Start of Materials provided

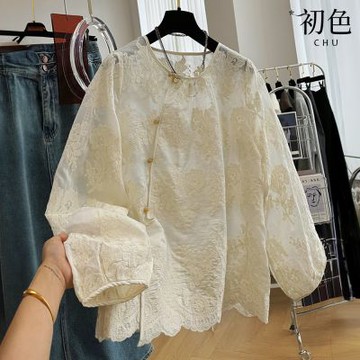 初色 新中式繡花蕾絲圓領長袖襯衫上衣女上衣-淺杏-37242(M-2XL可選)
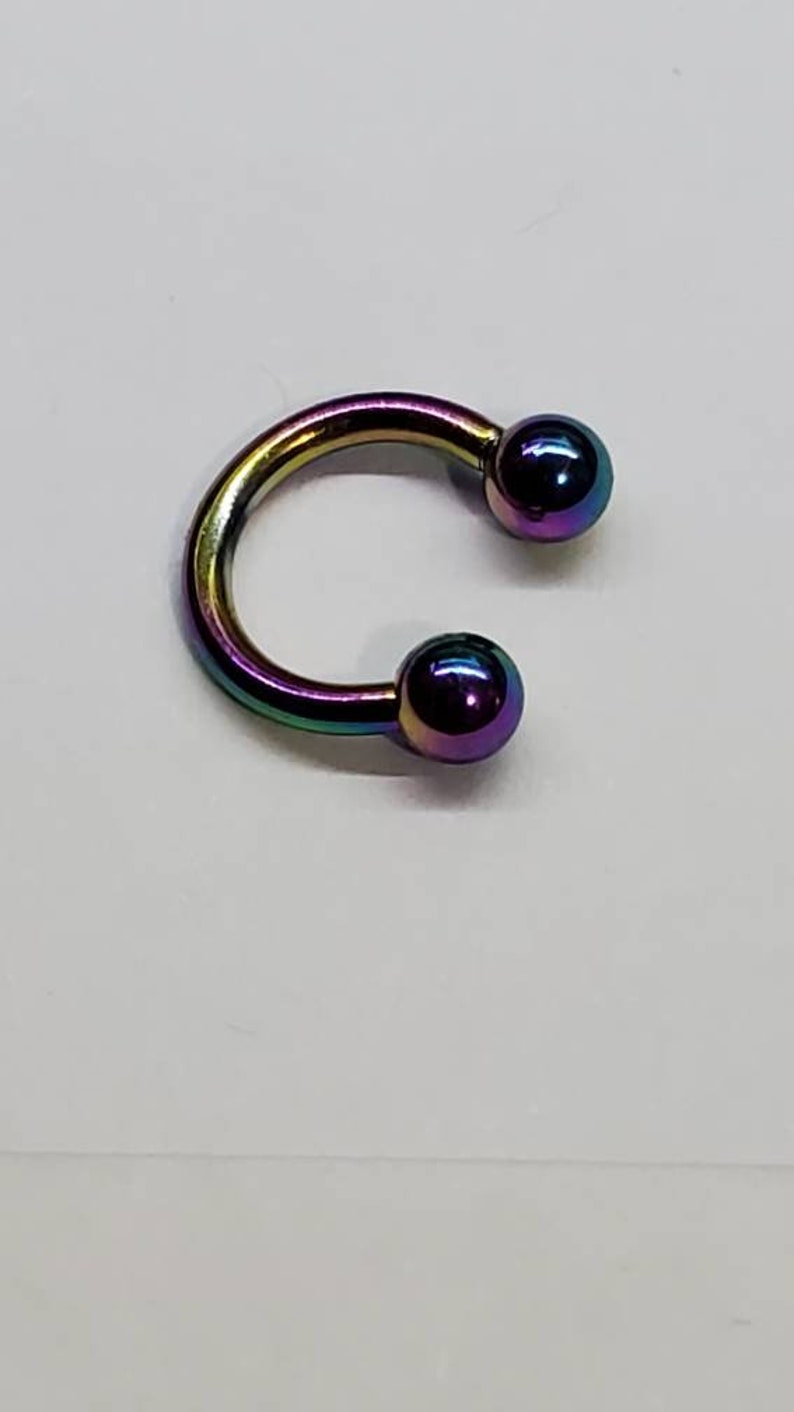 20g 18g 16g 14g SEPTUM Horseshoe Tight Fit, 6mm 1/4", 3mm balls, Stainless, Rose Gold, Gold, Black, Circular Barbell, Small, Tiny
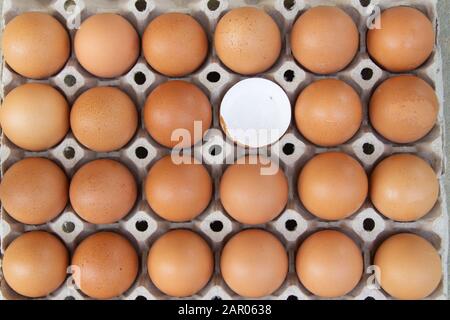 Close up of raw brown eggs in an egg carton, one egg  is broken Stock Photo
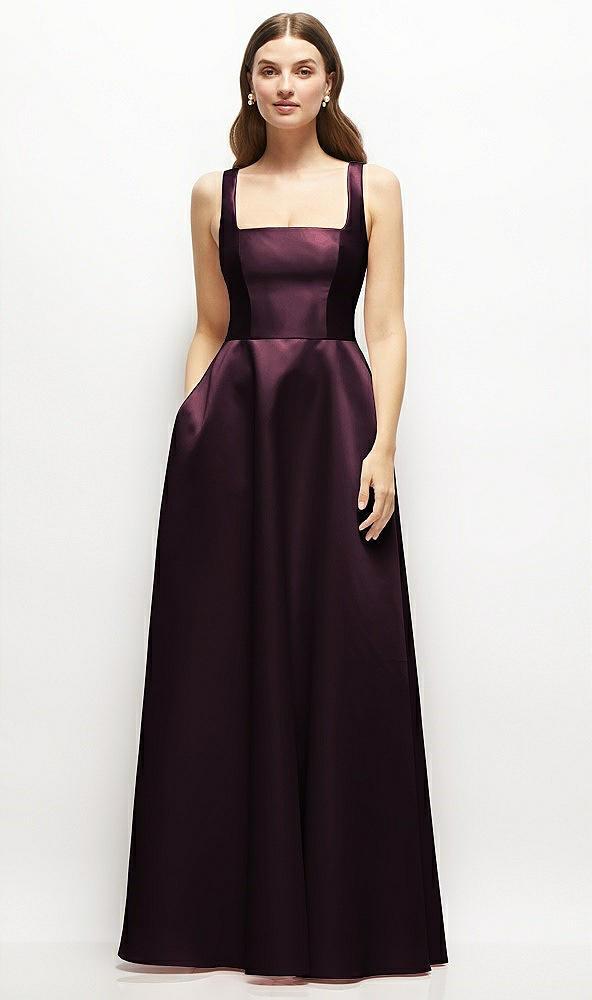 square-neck satin maxi dress with full skirt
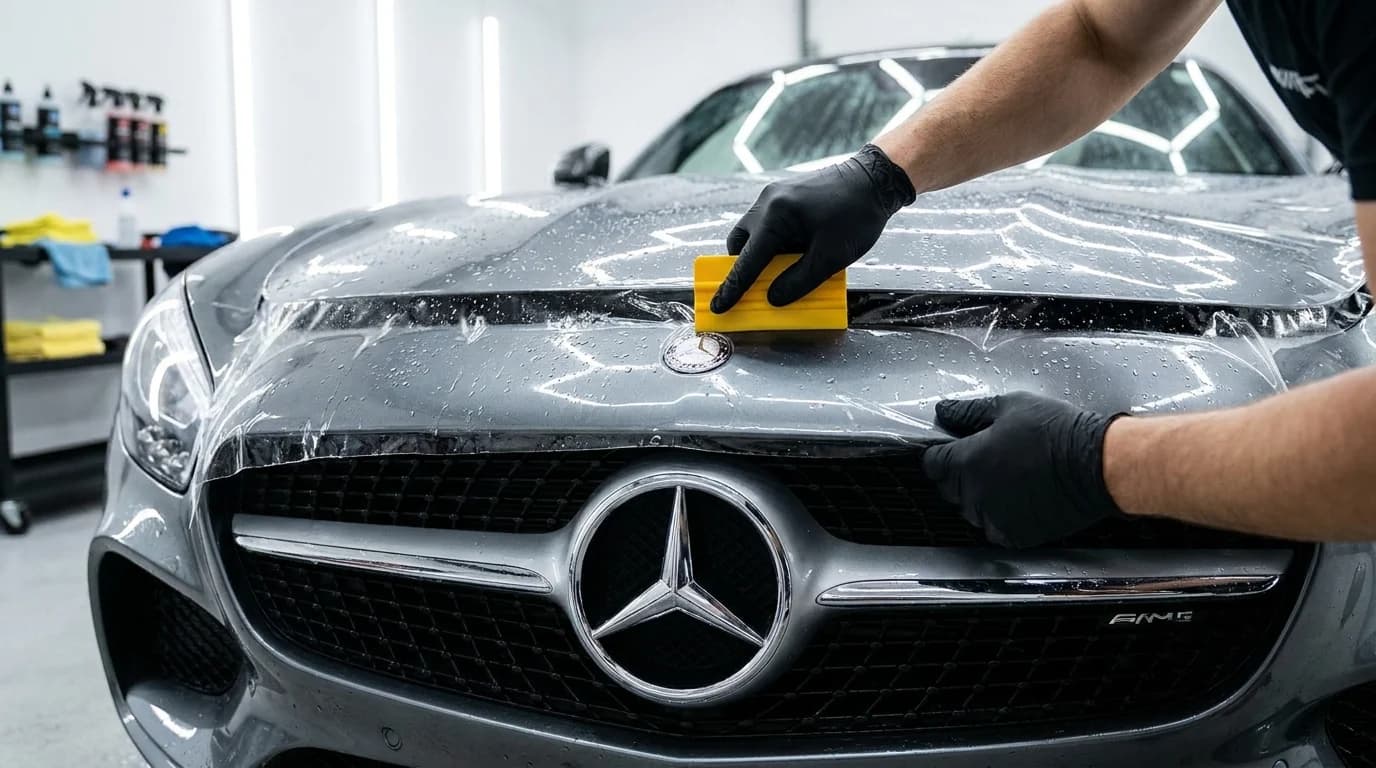 Mercedes-Benz PPF installation Calgary — professional paint protection film coverage rock chip defense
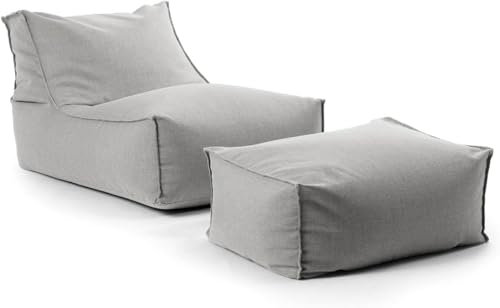 mokebo® Outdoor Sitzsack und Pouf für Kinder & Erwachsene 'Der Sundowner', Bean Bag mit Füllung oder Bodenkissen für Indoor & Outdoor, auch als Liegekissen, Relaxliege mit Hocker in Lichtgrau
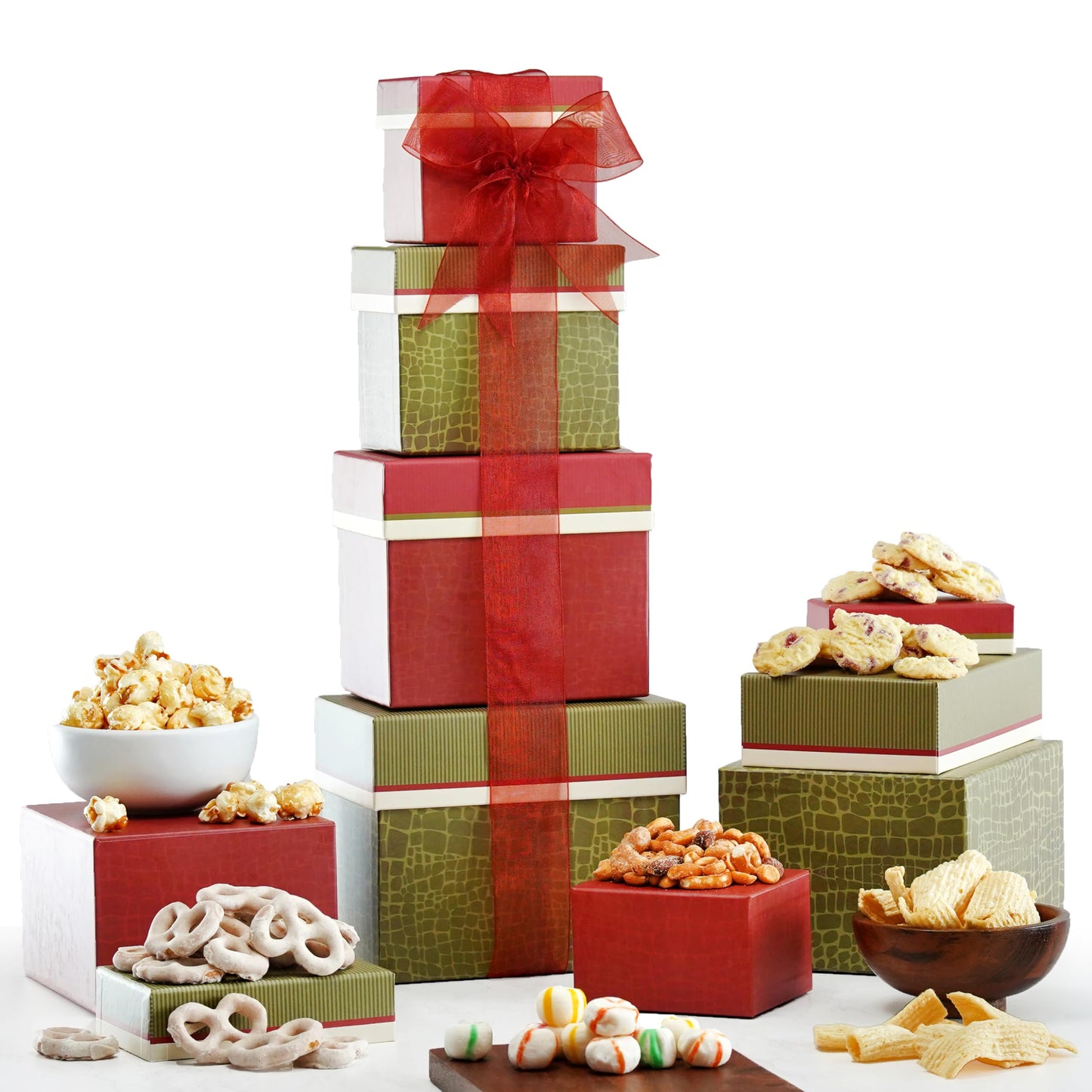 Broadway Basketeers Gourmet Food Gift Basket Tower Snack Gifts for Women, Men, Families, College - Birthday, Appreciation, Thank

End of Materials provided

**Work instructions**
Exactly as they appear, please return only the lines from the first line of the records through the line containing "square-neck satin maxi dress with full skirt", both included, leaving out all pictures.

**Task result**
 初色 新中式繡花蕾絲圓領長袖襯衫上衣女上衣-淺杏-37242(M-2XL可選)
 20g 18g 16g 14g SEPTUM Horseshoe Tight Fit, 6mm 1/4", 3mm balls, Stainless, Rose Gold, Gold, Black, Circular Barbell, Small, Tiny
 Close up of raw brown eggs in an egg carton, one egg  is broken Stock Photo
 square-neck satin maxi dress with full skirt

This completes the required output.